|
|
ru.linux- RU.LINUX --------------------------------------------------------------------- From : Sergey Lentsov 2:4615/71.10 19 Jul 2001 16:52:04 To : All Subject : URL: http://www.lwn.net/2001/0719/kernel.php3 --------------------------------------------------------------------------------
[1][LWN Logo]
[2]Click Here
[LWN.net]
Sections:
[3]Main page
[4]Security
Kernel
[5]Distributions
[6]On the Desktop
[7]Development
[8]Commerce
[9]Linux in the news
[10]Announcements
[11]Linux History
[12]Letters
[13]All in one big page
See also: [14]last week's Kernel page.
Kernel development
The current kernel release is still 2.4.6. Linus's 2.4.7 prepatch is
up to [15]2.4.7pre7, with no word on when a real 2.4.7 release will
happen (to say nothing of the much-awaited 2.5.0). Alan Cox,
meanwhile, is at [16]2.4.6ac5.
Keeping your processes from wandering. In an ideal world, all
processors on an SMP system would be identical, and it would not
matter where any particular process runs. Life is different, of
course, in the real world. Here, not all processors are the same from
a process's point of view.
The bottleneck between the processor and memory forces the use of
multiple layers of cache memory within each processor itself. By
keeping frequently-accessed memory close to the processor, the cache
has a major accelerating effect on performance. Often the best
performance optimizations don't involve squeezing out instructions or
unrolling loops; instead, the best results often come from changing
data access patterns to work better with the processor cache.
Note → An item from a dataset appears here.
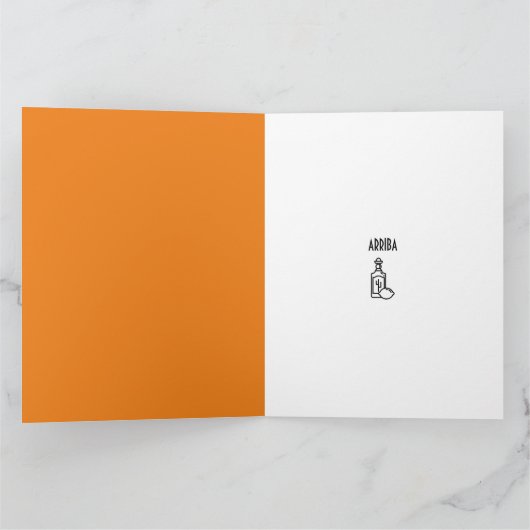 Tequila Lover's Large Oranje Birthday Kaart (Binnen)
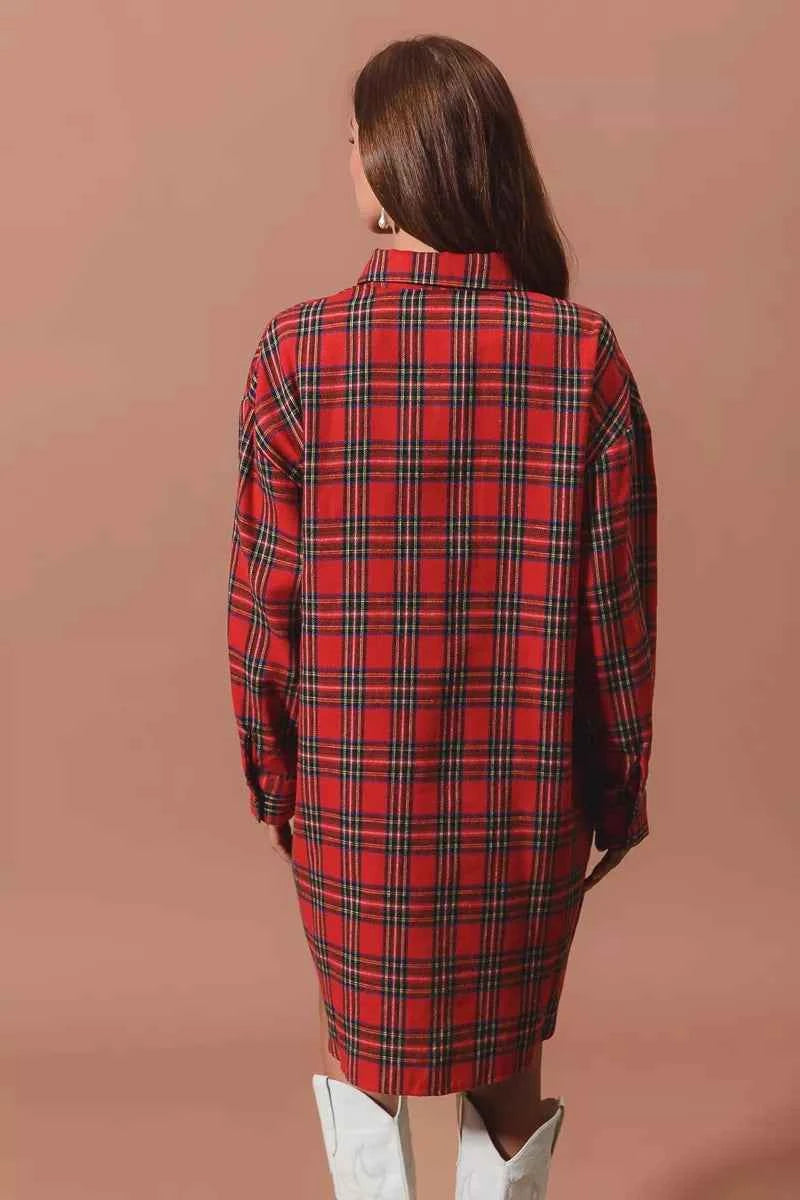 SO ME Christmas Checker Plaid Button Up Shirt Dress SO ME Christmas Checker Plaid Button Up Shirt Dress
Foremost among those optimizations, certainly, is to avoid trashing
the cache completely. But that is what happens when a process moves
from one CPU to another. The cache which has been built up in the old
CPU does not follow the process to its new home. As a result, the
process runs slowly for some time as it fills the cache on the new
processor, perhaps forcing out another process's data while it's at
it.
For this reason, the Linux scheduler tries hard to avoid moving
processes between CPUs. Normally it works reasonably well; if two jobs
are running on a two-processor system, one would expect each job to
stick to one processor. So a group of kernel hackers were surprised
when then [17]found a case where processes would continually cycle
through all of the processors on a system. Another user [18]reported
similar behavior; he found that running a single, compute-intensive
process on a two-processor system would actually go faster if he fired
up "setiathome" to keep one of the processors occupied.
What appears to be happening is this: one CPU is happily running a
process (we'll call it "p1") when it does something that makes another
process ("p2") runnable. The scheduler decides that p2 should execute
on a different CPU, so it sends an "inter-processor interrupt" to
force the other CPU to go into the scheduler and pick up the new task.
All appears to have been properly arranged, and the scheduler on the
original CPU returns to the original process (p1) that was running
there.
That process, however, quickly hits a stopping point, forcing a new
scheduling decision. Because inter-processor interrupts take a while,
p2 still has not started running on its intended CPU. Instead, the
first CPU sees p2 ready to go, and starts running it. When p1 again
becomes runnable, it will find that p2 has taken its place; it's p1
that gets booted out of its processor and has to move to a new home
with a cold, unwelcoming cache.
With the right kind of load, that sequence of events can happen over
and over, causing processes to move frequently through the system. The
result is poor performance, bad benchmark results, and an increase in
"Linux sucks" posts on the net.
[19]The fix, as posted by Hubertus Franke, is to mark a process when
it is decided that said process will run on a different CPU. Other
processors will not attempt to run a process marked in this way, while
the target processor will make a point of running it. The fix removes
the race condition between the two processors, and restores a bit of
stability in this particular case. Of course, being a scheduler
change, it may well make things worse for some other type of load, but
nobody has identified that load yet...
Journaling filesystems are slower? While nobody disputes the benefits
provided by journaling filesystems, the generally-accepted wisdom
seems to be that journaling necessarily slows things down. After all,
a journaling filesystem adds the overhead of maintaining the journal
and very carefully serializing operations to preserve the integrity of
the filesystem at all times. That extra work costs.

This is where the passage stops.